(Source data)
****************
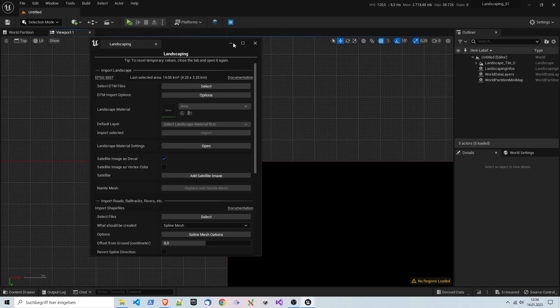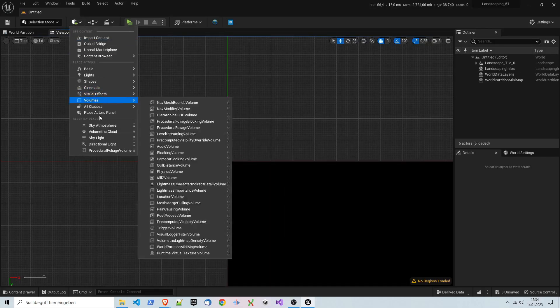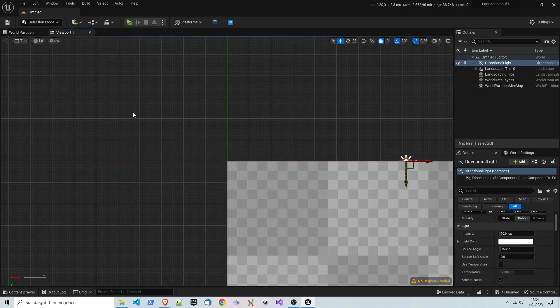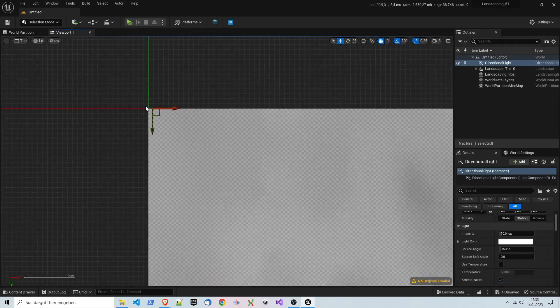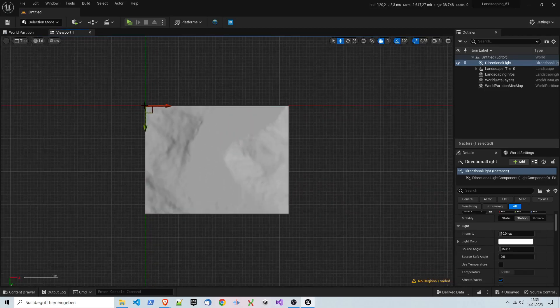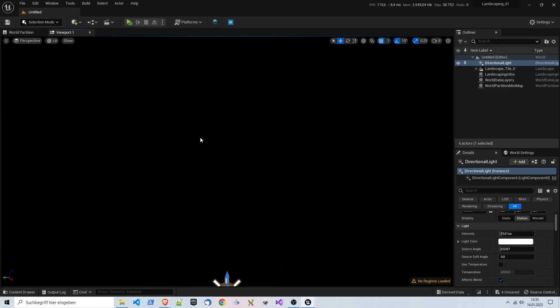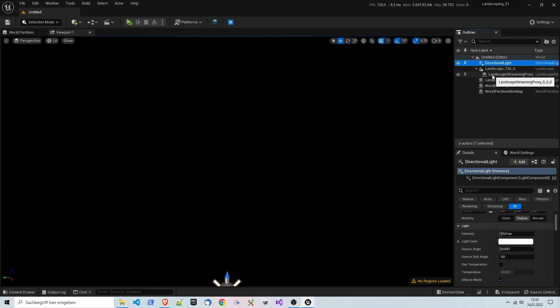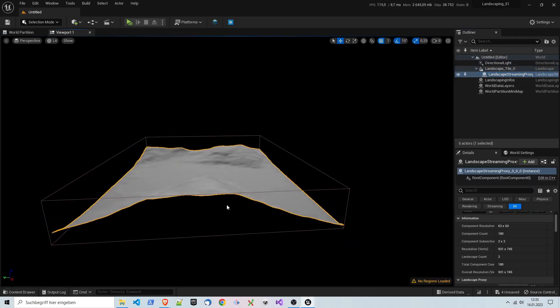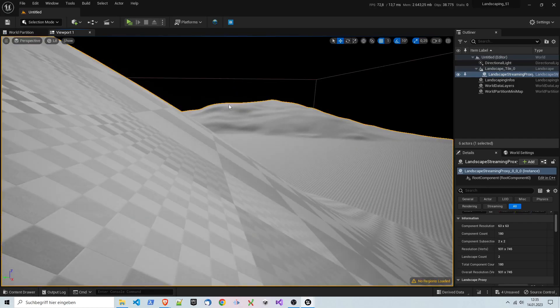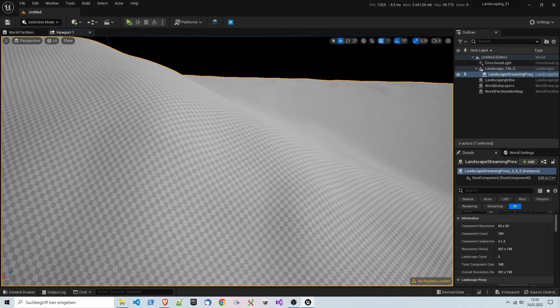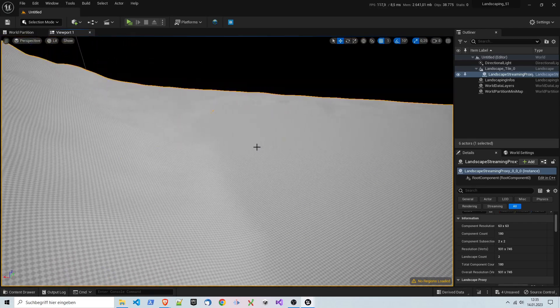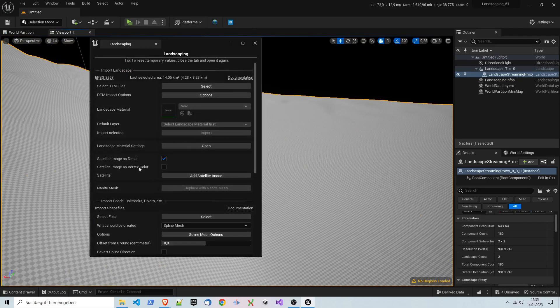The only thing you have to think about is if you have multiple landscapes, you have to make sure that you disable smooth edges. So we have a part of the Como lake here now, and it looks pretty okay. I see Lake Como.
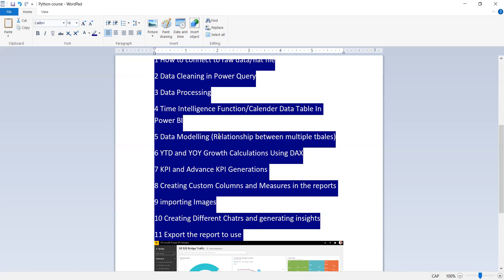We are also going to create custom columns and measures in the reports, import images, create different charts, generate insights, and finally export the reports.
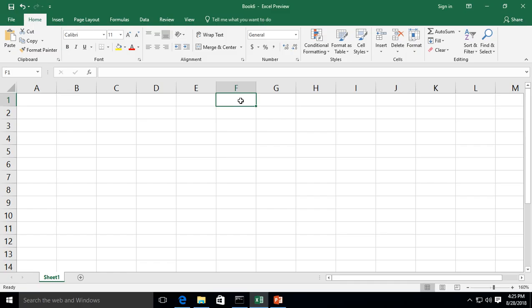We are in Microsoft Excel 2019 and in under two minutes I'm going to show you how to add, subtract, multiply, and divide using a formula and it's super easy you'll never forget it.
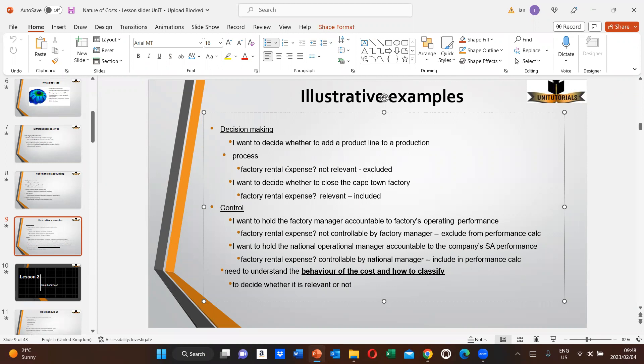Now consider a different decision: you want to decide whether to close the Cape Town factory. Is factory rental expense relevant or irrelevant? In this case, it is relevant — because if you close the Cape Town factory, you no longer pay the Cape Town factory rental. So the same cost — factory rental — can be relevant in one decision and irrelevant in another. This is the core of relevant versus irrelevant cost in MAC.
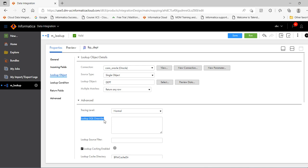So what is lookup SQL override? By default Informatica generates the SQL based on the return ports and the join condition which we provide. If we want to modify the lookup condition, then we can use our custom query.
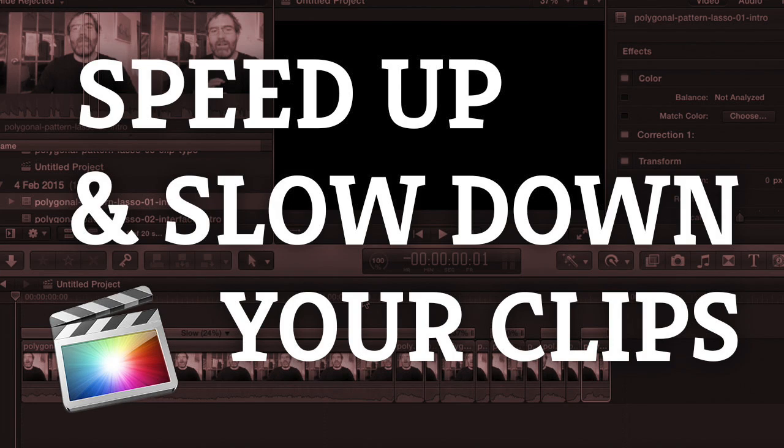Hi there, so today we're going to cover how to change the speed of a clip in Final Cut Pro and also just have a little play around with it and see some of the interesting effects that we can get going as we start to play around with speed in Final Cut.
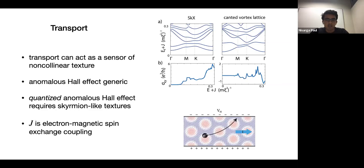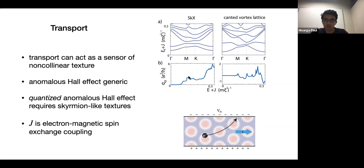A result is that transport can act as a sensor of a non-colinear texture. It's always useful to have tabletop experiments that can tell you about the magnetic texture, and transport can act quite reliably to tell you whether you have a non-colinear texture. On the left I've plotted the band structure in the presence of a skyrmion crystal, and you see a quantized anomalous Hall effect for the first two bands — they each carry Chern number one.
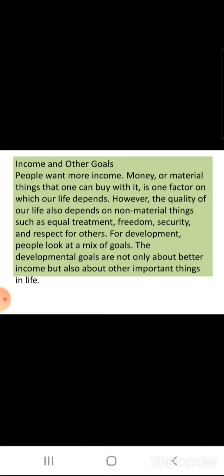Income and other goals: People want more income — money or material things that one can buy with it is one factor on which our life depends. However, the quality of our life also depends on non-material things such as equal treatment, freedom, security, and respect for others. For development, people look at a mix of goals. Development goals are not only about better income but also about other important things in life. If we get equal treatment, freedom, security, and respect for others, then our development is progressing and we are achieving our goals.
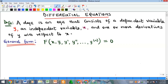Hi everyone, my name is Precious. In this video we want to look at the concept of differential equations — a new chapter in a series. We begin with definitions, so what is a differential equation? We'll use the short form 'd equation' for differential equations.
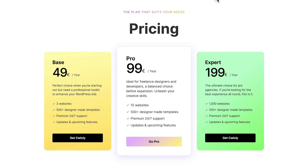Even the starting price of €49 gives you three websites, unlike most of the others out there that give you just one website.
****************
AIM OF THE TASK >> Through the line containing "Now consider a" and no further, restate the data above word for word from its first line, leaving out pictures.

YOUR SOLUTION >>
The only thing you have to think about is if you have multiple landscapes, you have to make sure that you disable smooth edges. So we have a part of the Como lake here now, and it looks pretty okay. I see Lake Como.
We are also going to create custom columns and measures in the reports, import images, create different charts, generate insights, and finally export the reports.
We are in Microsoft Excel 2019 and in under two minutes I'm going to show you how to add, subtract, multiply, and divide using a formula and it's super easy you'll never forget it.
Now consider a different decision: you want to decide whether to close the Cape Town factory. Is factory rental expense relevant or irrelevant? In this case, it is relevant — because if you close the Cape Town factory, you no longer pay the Cape Town factory rental. So the same cost — factory rental — can be relevant in one decision and irrelevant in another. This is the core of relevant versus irrelevant cost in MAC.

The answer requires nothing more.